Ce blocage intervient alors que la question de la liberté religieuse en Turquie est régulièrement pointée du doigt par les organisations internationales. Les États-Unis et l’Union européenne ont, à plusieurs reprises, critiqué Ankara pour les restrictions imposées aux minorités non musulmanes, notamment les chrétiens orthodoxes. Le sujet avait d’ailleurs été abordé lors d’un entretien entre le patriarche Bartholomée Ier et le président américain Donald Trump à la Maison Blanche en septembre 2025. Selon des sources diplomatiques, le président Trump s’était alors engagé à soutenir les efforts visant à sortir de l’impasse.
« La réouverture de l’école de Halki est un symbole fort de la liberté religieuse et de la diversité culturelle en Turquie. Son maintien à l’arrêt envoie un mauvais signal aux minorités religieuses du pays. »
— Un diplomate européen sous couvert d’anonymat
La situation de l’école de Halki s’inscrit dans un contexte plus large de tensions entre la Turquie et ses partenaires occidentaux sur les questions de droits humains et de liberté religieuse. Bien que le gouvernement turc ait effectué des gestes en direction des minorités religieuses ces dernières années, comme la restitution de biens confisqués ou la levée de certaines restrictions, le dossier de Halki reste un symbole des obstacles persistants. « C’est une question de principe. Une école qui a formé des générations de théologiens ne devrait pas rester fermée indéfiniment », souligne un membre du clergé orthodoxe.

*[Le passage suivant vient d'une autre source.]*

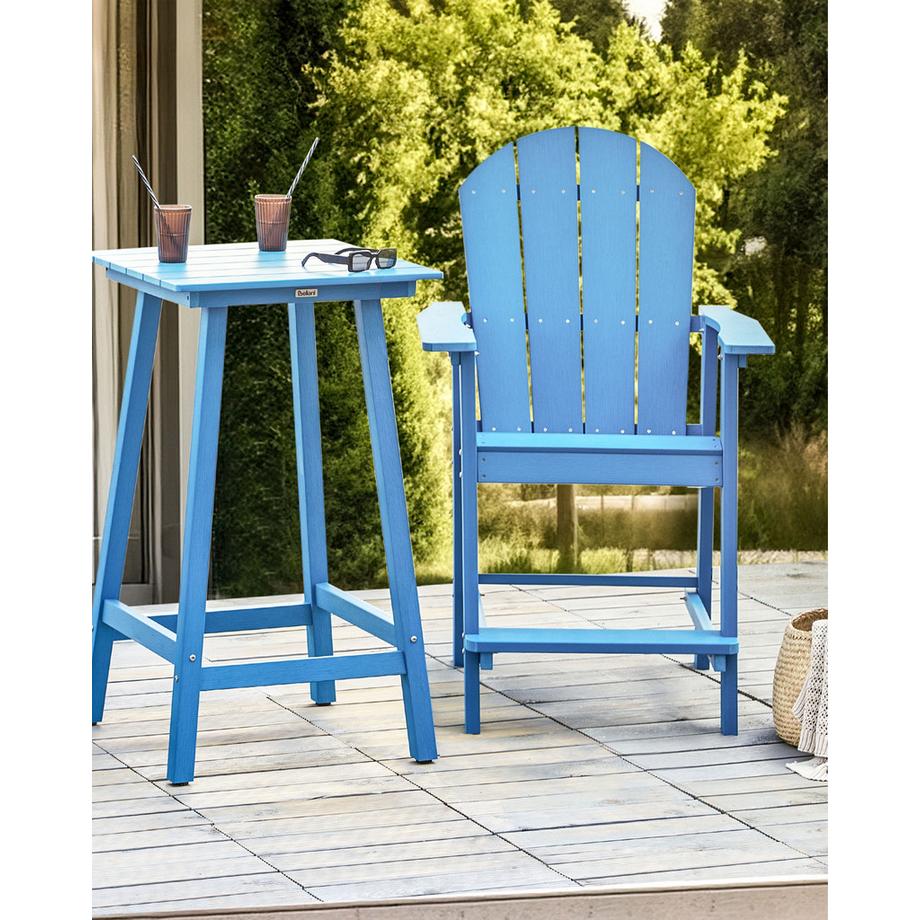 Beliani Chaise de bar de jardin en Bois synthétique  ADIRONDACK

Pour l’Église orthodoxe, la réouverture de Halki revêt une importance particulière. L’école a joué un rôle central dans la formation des futurs patriarches de Constantinople, dont Bartholomée Ier, qui en fut l’un des élèves. Sa fermeture en 1971 avait été perçue comme une perte majeure pour la communauté orthodoxe en Turquie, alors même que le pays comptait une forte présence chrétienne avant les échanges de populations des années 1920.
En attendant, la communauté orthodoxe et ses soutiens internationaux maintiennent la pression. Les appels à la réouverture se multiplient, portés par des voix issues de la diaspora grecque et des organisations de défense des droits humains. « Le temps joue contre nous. Chaque année qui passe éloigne un peu plus la Turquie des standards européens en matière de liberté religieuse », estime un observateur proche du dossier.
Alors que les travaux de rénovation sont désormais achevés, le sort de l’école de Halki reste donc entre les mains des autorités turques. La question de sa réouverture pourrait, à l’avenir, devenir un test pour l’engagement d’Ankara en faveur du pluralisme religieux.
Fondée en 1844, l’école de Halki a formé des générations de théologiens et de patriarches orthodoxes, dont Bartholomée Ier. Elle symbolise l’héritage intellectuel et spirituel de l’Église orthodoxe en Turquie, un pays où les minorités religieuses ont vu leurs droits se réduire au fil des décennies. Sa fermeture en 1971 a marqué un tournant dans l’histoire de l’éducation religieuse en Turquie.
Aucune date n’a été officiellement annoncée pour une éventuelle réouverture. Les autorités turques doivent encore examiner la demande de réouverture, mais aucune échéance précise n’a été communiquée. Plusieurs discussions diplomatiques sont attendues dans les prochains mois, notamment entre la Turquie et l’Union européenne.